SUPPLIED MATERIAL:
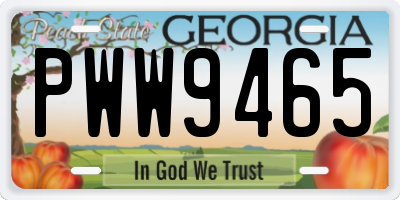 GA license plate PWW9465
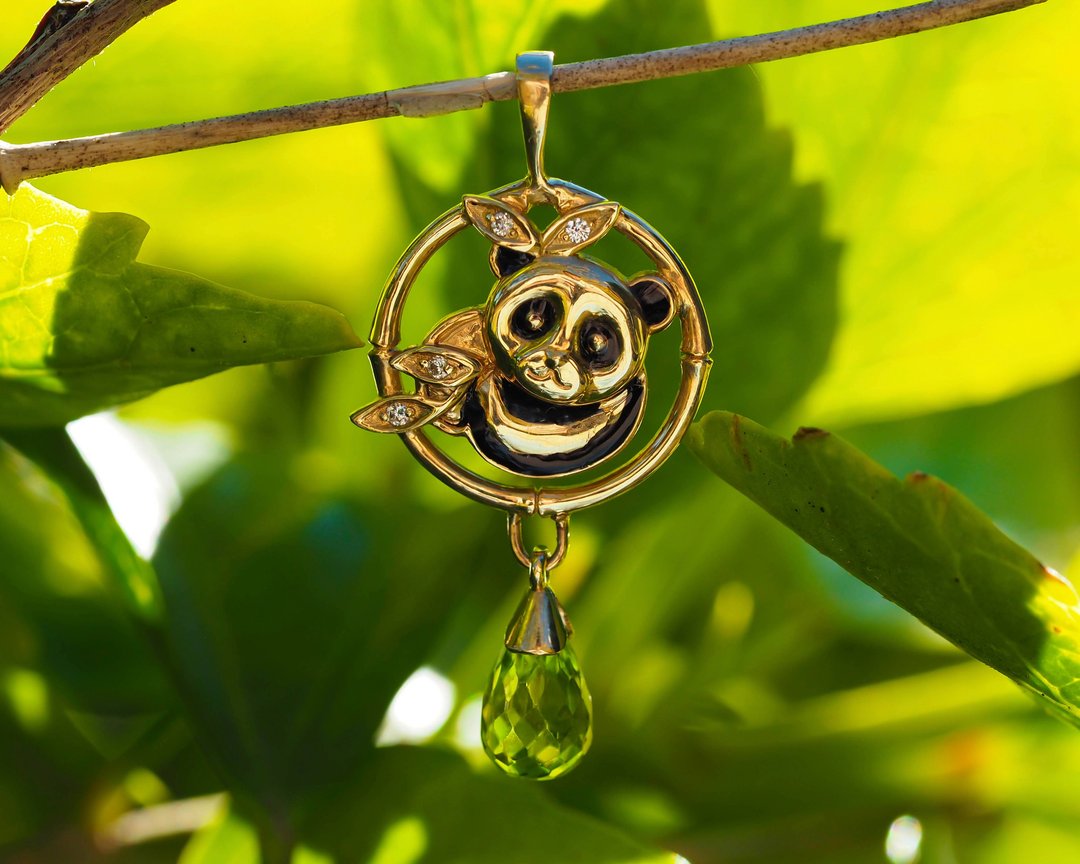 14k gold Koala Bear pendant with peridot and diamonds - 项链 - 贵金属 金色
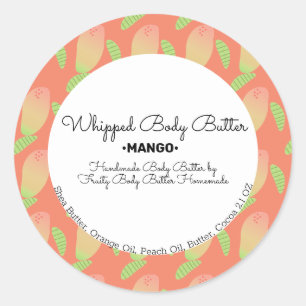 Mango Scent Butter Bath Branding Packaging Classic Round Sticker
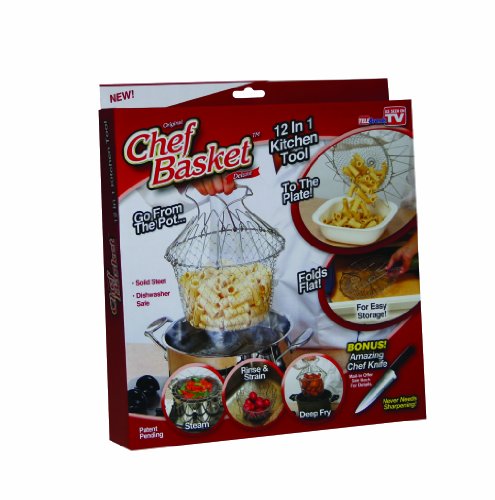 Chef Basket 12-in-1 Stainless Steel Strainer, Fryer, Steamer & Colander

WHAT YOU NEED TO DO:
Leaving every picture out, repeat each line of the material exactly.

RESULT FOR THIS EXERCISE:
 GA license plate PWW9465
 14k gold Koala Bear pendant with peridot and diamonds - 项链 - 贵金属 金色
 Mango Scent Butter Bath Branding Packaging Classic Round Sticker
 Chef Basket 12-in-1 Stainless Steel Strainer, Fryer, Steamer & Colander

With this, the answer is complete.